The problem ->
In the records below, find the line containing "Vineyard Vines Monstera", then print it and every following line exactly, through the last, without pictures.

____

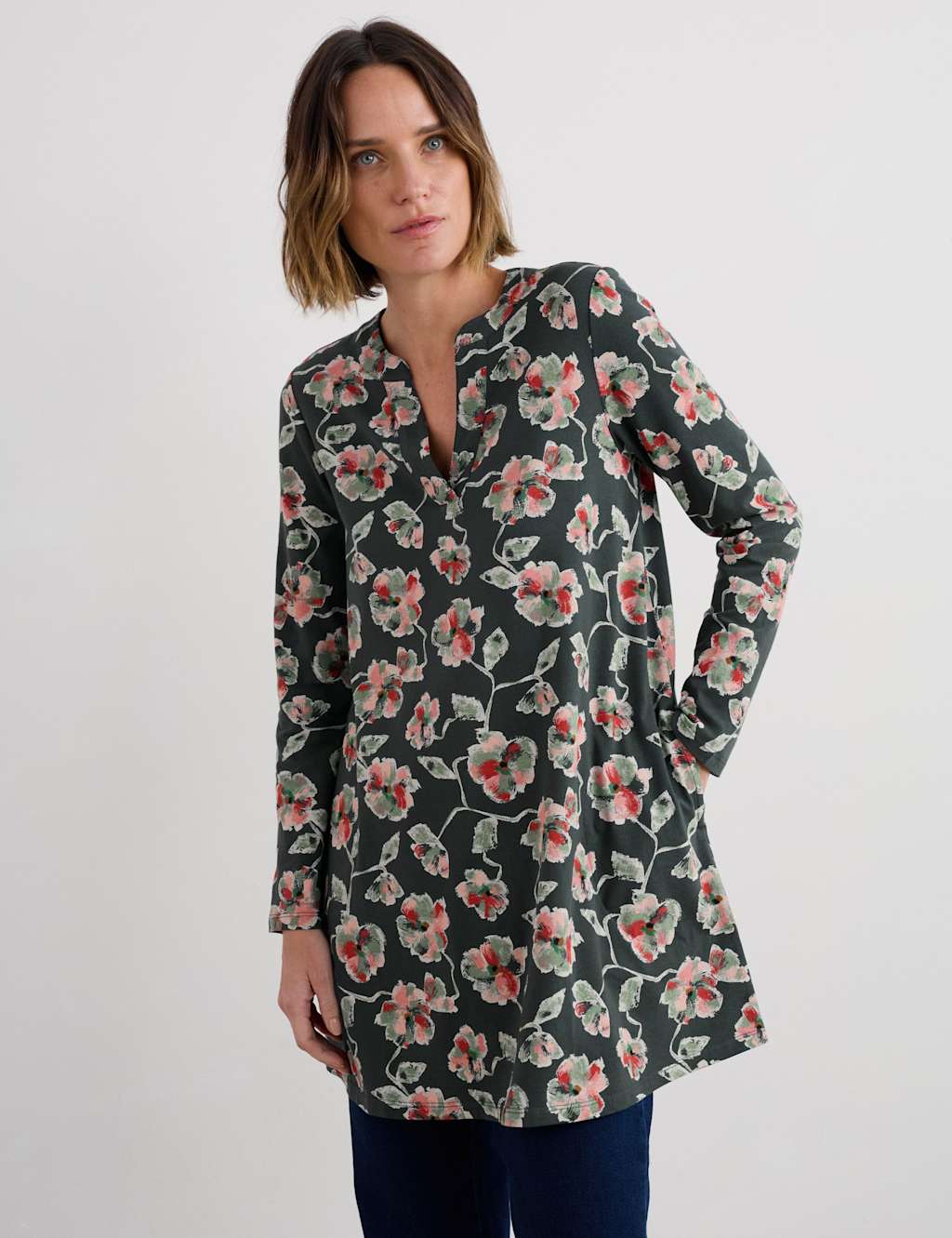 Seasalt Cornwall Cotton Rich Jersey Floral Notch Neck Tunic Green Mix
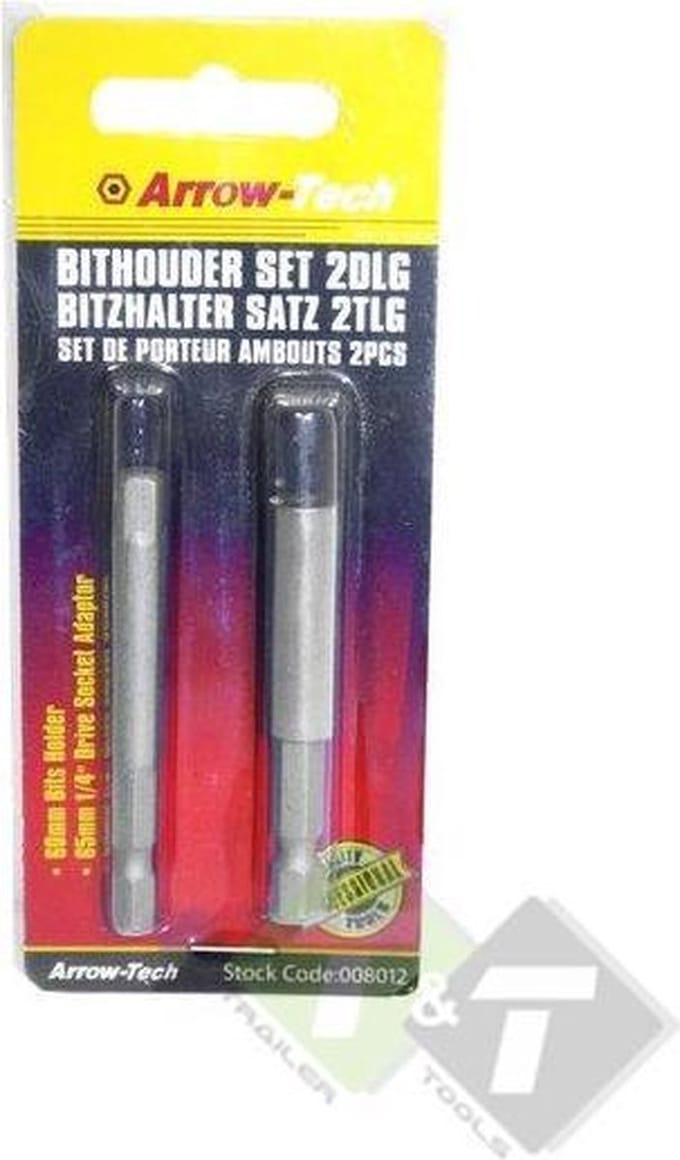 Bithouder set, 2 delig, 60mm, 65mm, Arrow-Tech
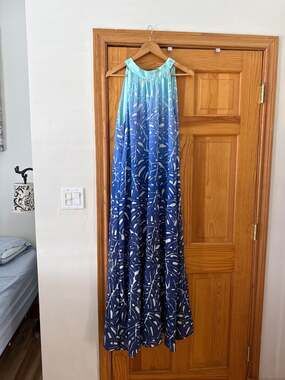 Vineyard Vines Monstera Ombre Halter Maxi Dress in Cotton Silk Blue Size 16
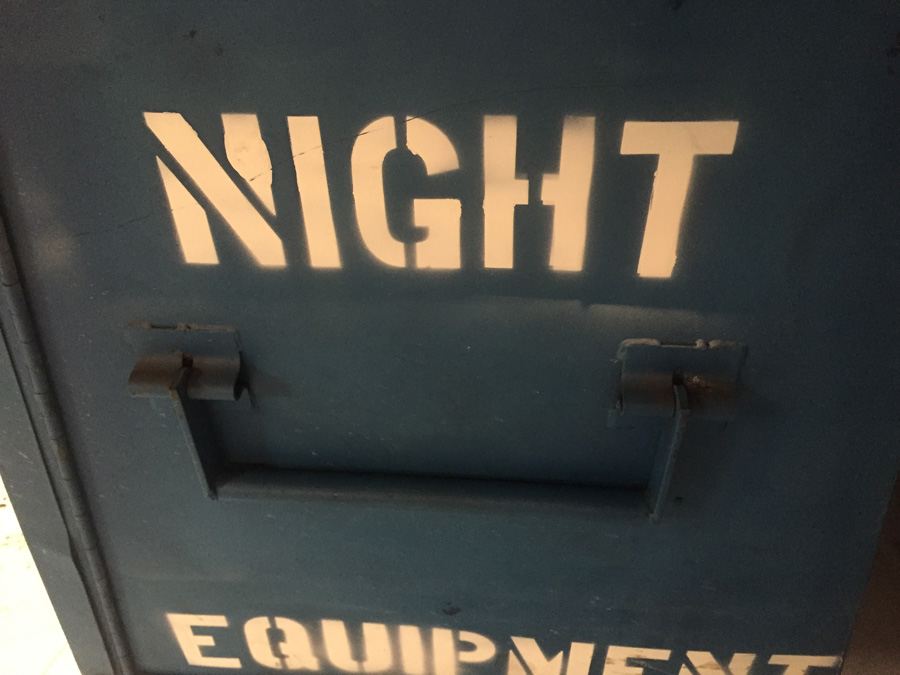 Industrial Blue Metal Cabinet On Casters Used by Post Office During Tax Season [Photo 9]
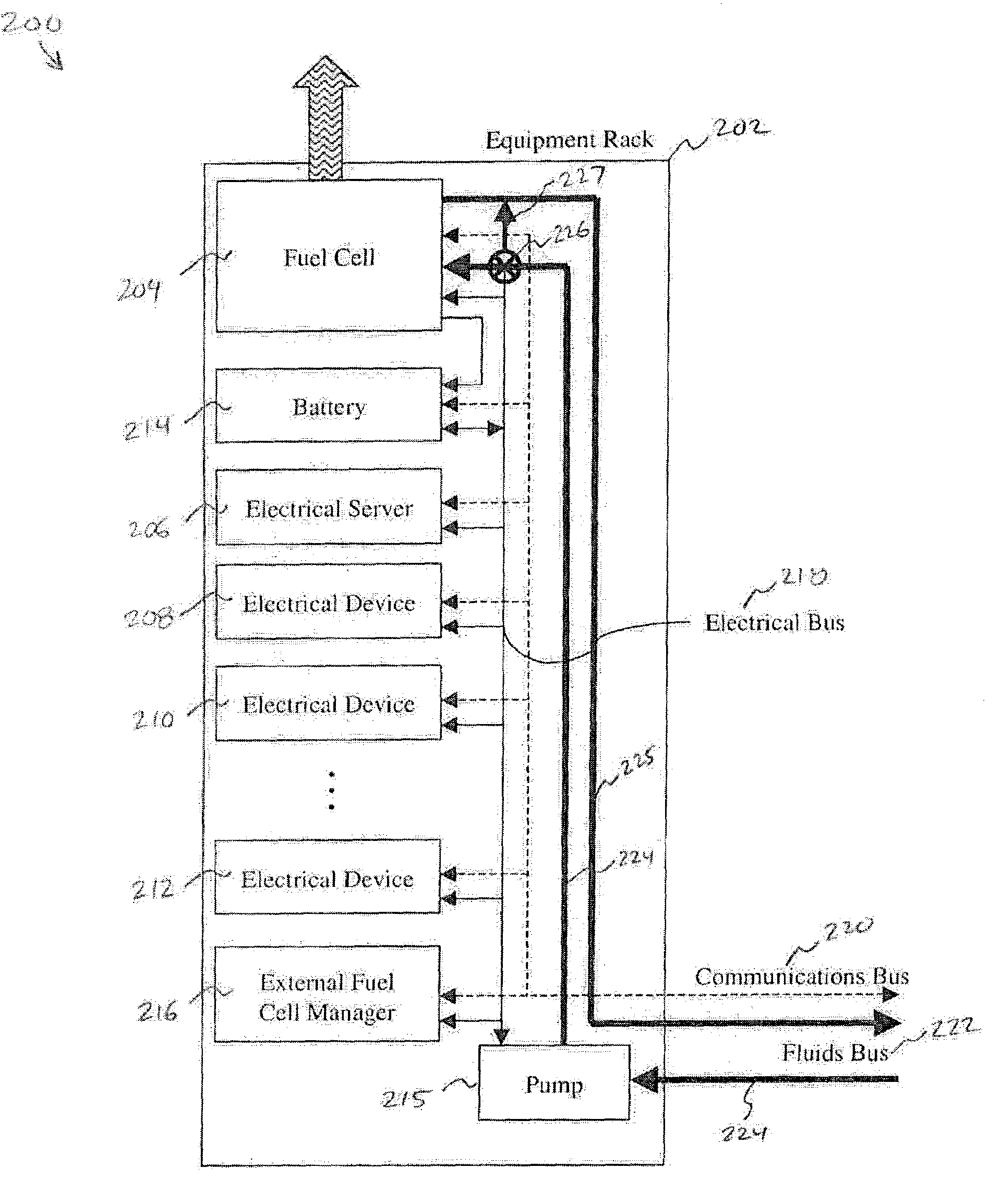 System and method for providing electrical power to an equipment rack using a fuel cell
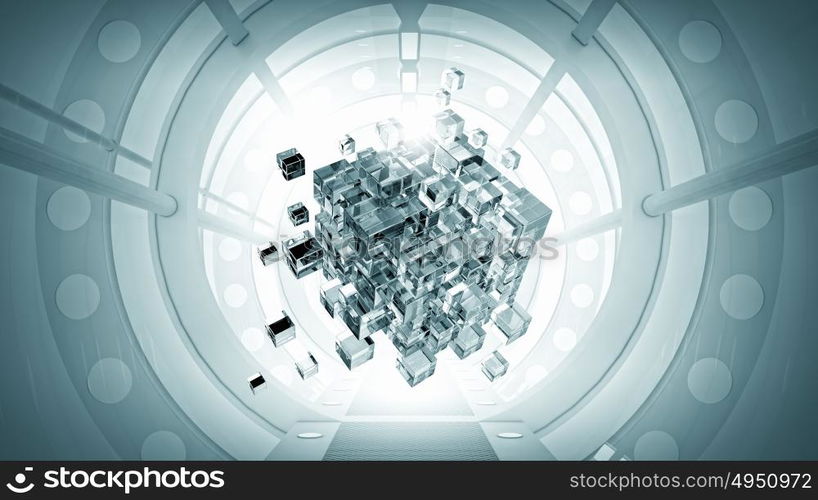 Futuristic technologies concept. 3D cube in futuristic room as innovative virtual interior design. Mixed media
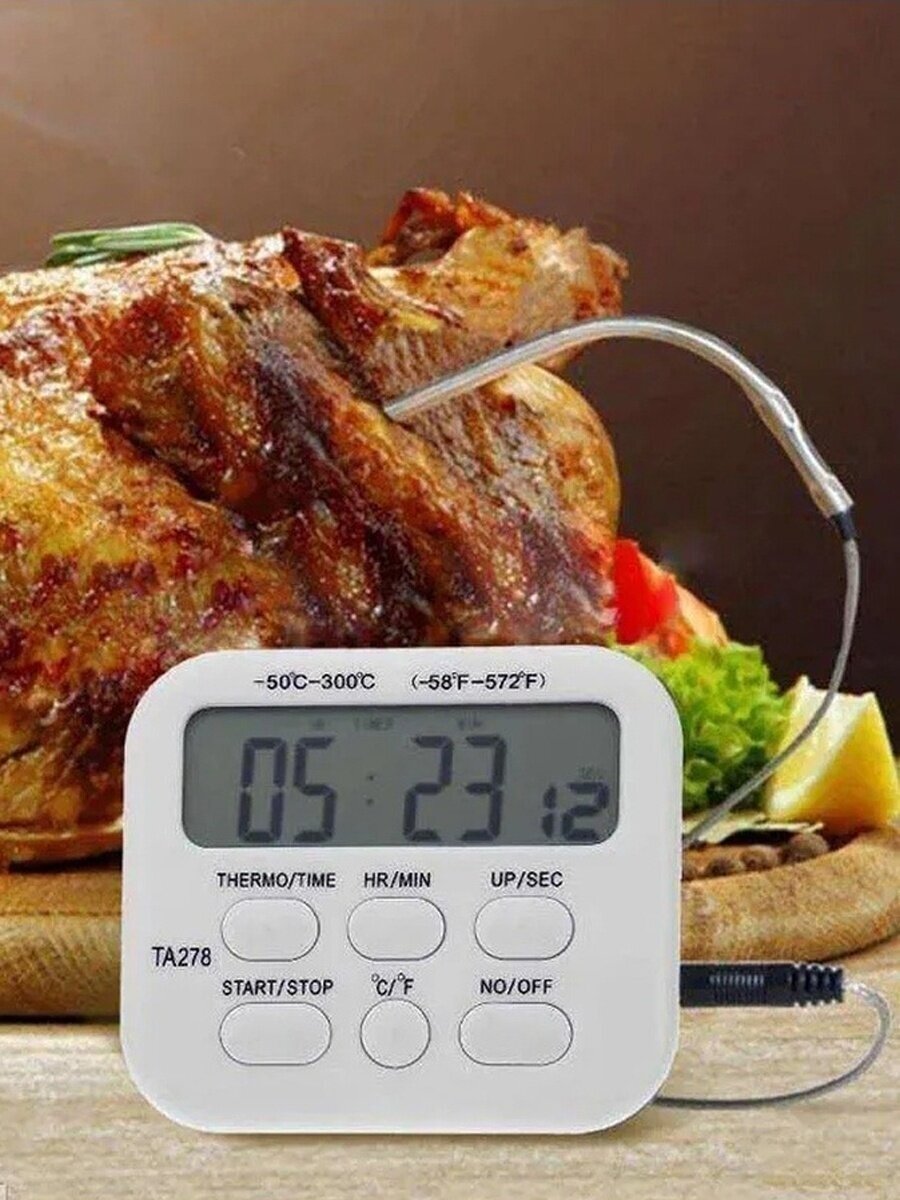 Кулинарный термометр с таймером электронный со щупом 16 см из нержавеющей стали, провод 1 метр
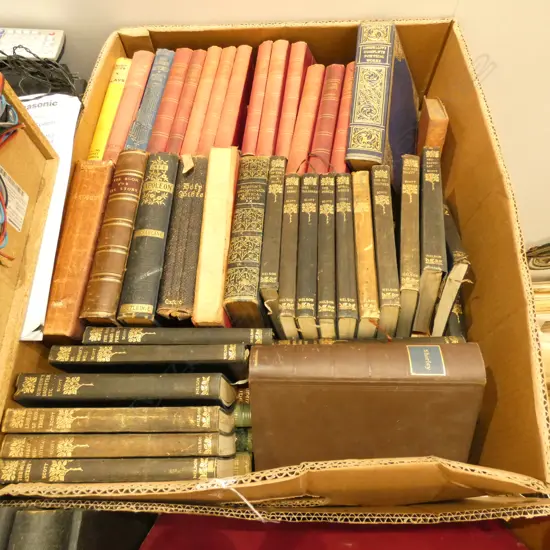 BOX ANTIQUE BOOKS ETC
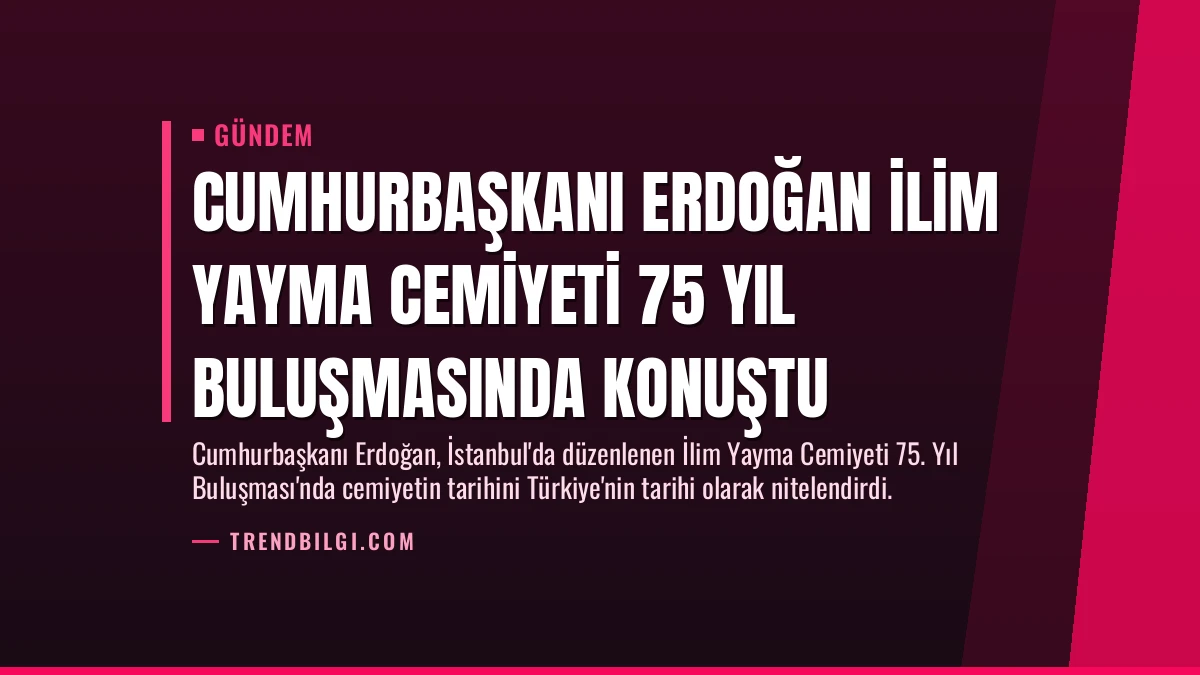 Cumhurbaşkanı Erdoğan İlim Yayma Cemiyeti 75 Yıl Buluşmasında Konuştu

____

Exercise result ->
 Vineyard Vines Monstera Ombre Halter Maxi Dress in Cotton Silk Blue Size 16
 Industrial Blue Metal Cabinet On Casters Used by Post Office During Tax Season [Photo 9]
 System and method for providing electrical power to an equipment rack using a fuel cell
 Futuristic technologies concept. 3D cube in futuristic room as innovative virtual interior design. Mixed media
 Кулинарный термометр с таймером электронный со щупом 16 см из нержавеющей стали, провод 1 метр
 BOX ANTIQUE BOOKS ETC
 Cumhurbaşkanı Erdoğan İlim Yayma Cemiyeti 75 Yıl Buluşmasında Konuştu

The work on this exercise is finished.